A Sigmatropic reaction in organic chemistry is a pericyclic reaction wherein the net result is one σ-bond is changed to another σ-bond in an uncatalyzed intramolecular process.^[1] The name "sigmatropic" is the result of a compounding of the long-established sigma designation from single carbon-carbon bonds and the greek word tropos, meaning "a turn." In this type of rearrangement reaction, a substituent moves from one part of a π-bonded system to another part in an intramolecular reaction with simultaneous rearrangement of the π system.

Overview of the Theory of Sigmatropic Shifts

Woodward-Hoffman Sigmatropic Shift Nomenclature

Sigmatropic rearrangements are concisely described by an order term [i,j], which is defined as the migration of a σ-bond adjacent to one or more π systems to a new position (i-1) and (j-1) atoms removed from the original location of the σ-bond. Hydrogens are omitted in the third example for clarity.^[2]

A convenient means of determining the order of a given sigmatropic rearrangement is to number the atoms of the bond being broken as atom 1, and then count the atoms in each direction from the broken bond to the atoms that form the new σ-bond in the product, numbering consecutively. The numbers that correspond to the atoms forming the new bond are then separated by a comma and placed within brackets to create the sigmatropic reaction order descriptor.^[3]

In the case of hydrogen atom migrations, a similar technique may be applied. When determining the order of a sigmatropic shift involving a hydrogen atom migration it is critical in to count across all atoms involved in the reaction rather than only across the closest atoms. For example, the following hydrogen atom migration is of order [1,5], attained by counting counterclockwise, rather than the [1,3] order designation that would mistakenly result if counted clockwise.

Suprafacial and Antarafacial Shifts

In principle, all sigmatropic shifts can occur with either a retention or inversion of the geometry of the migrating group, depending upon whether whether the original bonding lobe of the migrating atom or its other lobe is used to form the new bond.^[4]

In cases of stereochemical retention, the migrating group translates without rotation into the bonding position, while in the case of stereochemical inversion the migrating group both rotates and translates to reach its bonded conformation.

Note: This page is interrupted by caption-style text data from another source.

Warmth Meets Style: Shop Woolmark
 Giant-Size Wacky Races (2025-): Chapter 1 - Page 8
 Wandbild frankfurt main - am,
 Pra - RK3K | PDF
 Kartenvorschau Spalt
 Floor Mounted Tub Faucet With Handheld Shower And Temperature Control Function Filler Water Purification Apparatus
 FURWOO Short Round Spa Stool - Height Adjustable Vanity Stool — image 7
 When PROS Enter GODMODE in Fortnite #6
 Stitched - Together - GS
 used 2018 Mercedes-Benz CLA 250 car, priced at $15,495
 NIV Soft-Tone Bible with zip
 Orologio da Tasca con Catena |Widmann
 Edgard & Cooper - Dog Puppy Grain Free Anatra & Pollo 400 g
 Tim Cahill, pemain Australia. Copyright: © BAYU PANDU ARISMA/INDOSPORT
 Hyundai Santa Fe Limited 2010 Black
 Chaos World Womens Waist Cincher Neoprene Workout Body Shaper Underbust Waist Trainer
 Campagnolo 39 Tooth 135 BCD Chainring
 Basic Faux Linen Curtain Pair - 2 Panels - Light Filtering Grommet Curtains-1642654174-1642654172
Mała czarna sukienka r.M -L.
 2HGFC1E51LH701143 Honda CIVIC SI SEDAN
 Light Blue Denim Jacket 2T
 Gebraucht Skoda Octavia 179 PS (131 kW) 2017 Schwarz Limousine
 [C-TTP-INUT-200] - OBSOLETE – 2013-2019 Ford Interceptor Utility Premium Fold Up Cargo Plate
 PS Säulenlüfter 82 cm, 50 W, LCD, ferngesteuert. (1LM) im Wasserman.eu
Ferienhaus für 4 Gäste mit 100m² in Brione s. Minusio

However, another stereochemical transition effect equally capable of producing inversion or retention products is whether the migrating group remains on the original face of the π system after rebonding or instead transfers to the opposite face of the π system. If the migrating group remains on the same face of the π system, the shift is known as suprafacial, while if the migrating group transfers to the opposite face is called an antarafacial shift.^[5]

Suprafacial antarafacial -1,5-.png

Woodward-Hoffman

Main Article: Woodward-Hoffmann rules

Frontier Molecular Orbital Theory

Main Articles: HOMO

Dewar-Zimmerman Method - Orbital Topology

Considerations from Sterics

Antarafacial shifts are impossible for transformations which occur within small- or medium-sized rings.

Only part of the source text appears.